• **Data provided**:
^^^^^^^^

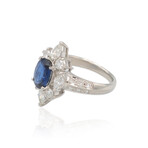 Estate // Platinum Diamond + Thai Sapphire Ring // Ring Size: 5.5 // Pre-Owned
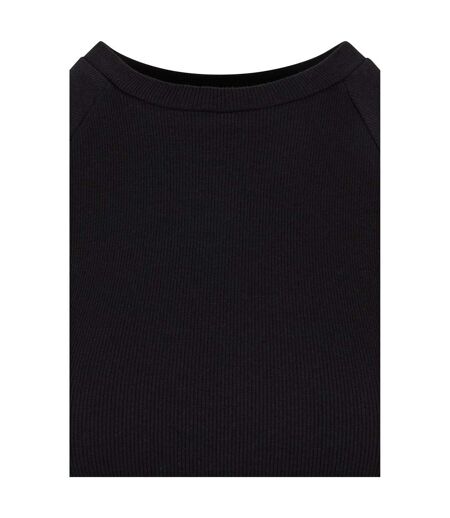 Womens/ladies Ribbed Skater Dress Black Urban Classics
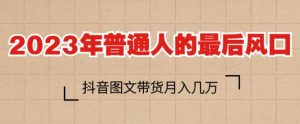 2023年普通人的最后风口，抖音图文带货月入几万，只需一部手机即可操作-知乎者也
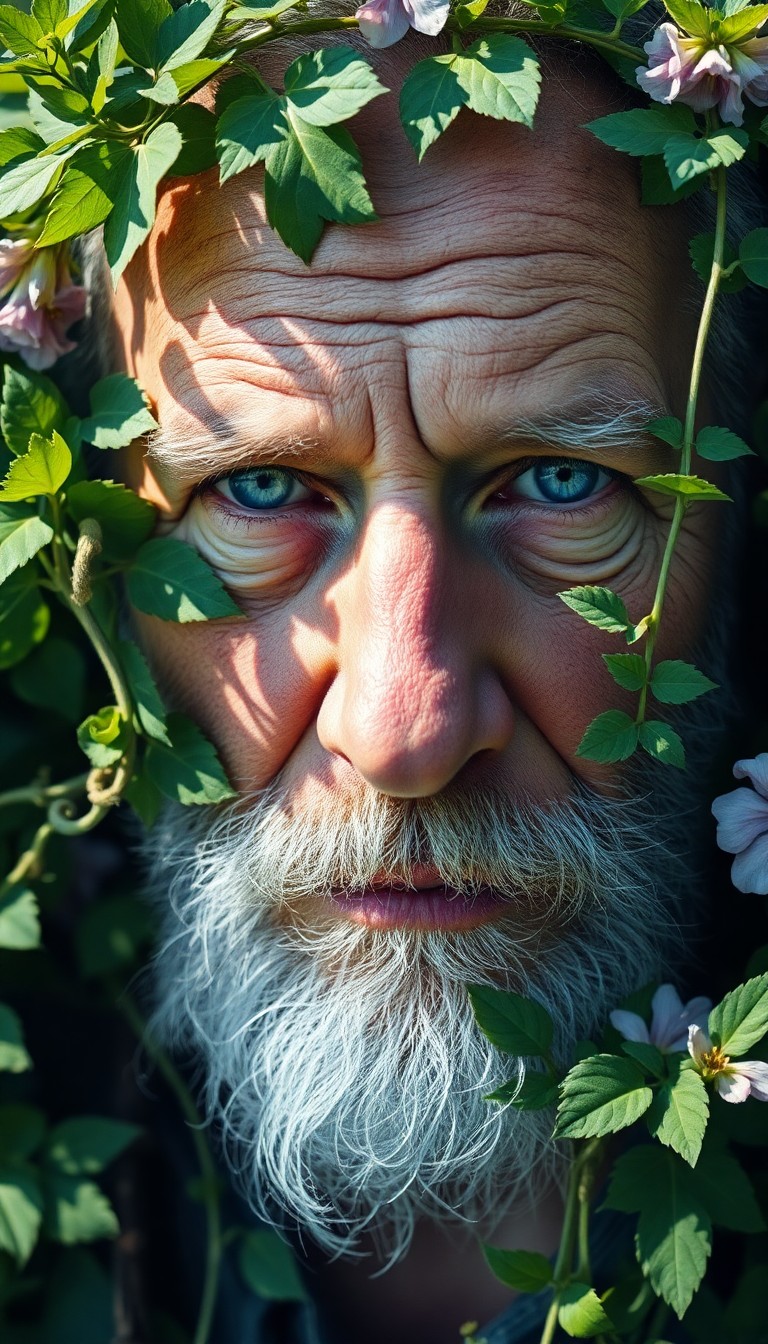 AI generated art for prompt: A double exposure portrait reveals an older man with piercing blue eyes and a grizzled beard, his fe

^^^^^^^^

• **Task**: Without including a single picture, restate all of the data word for word.

• **Task response**:
 Estate // Platinum Diamond + Thai Sapphire Ring // Ring Size: 5.5 // Pre-Owned
 Womens/ladies Ribbed Skater Dress Black Urban Classics
 2023年普通人的最后风口，抖音图文带货月入几万，只需一部手机即可操作-知乎者也
 AI generated art for prompt: A double exposure portrait reveals an older man with piercing blue eyes and a grizzled beard, his fe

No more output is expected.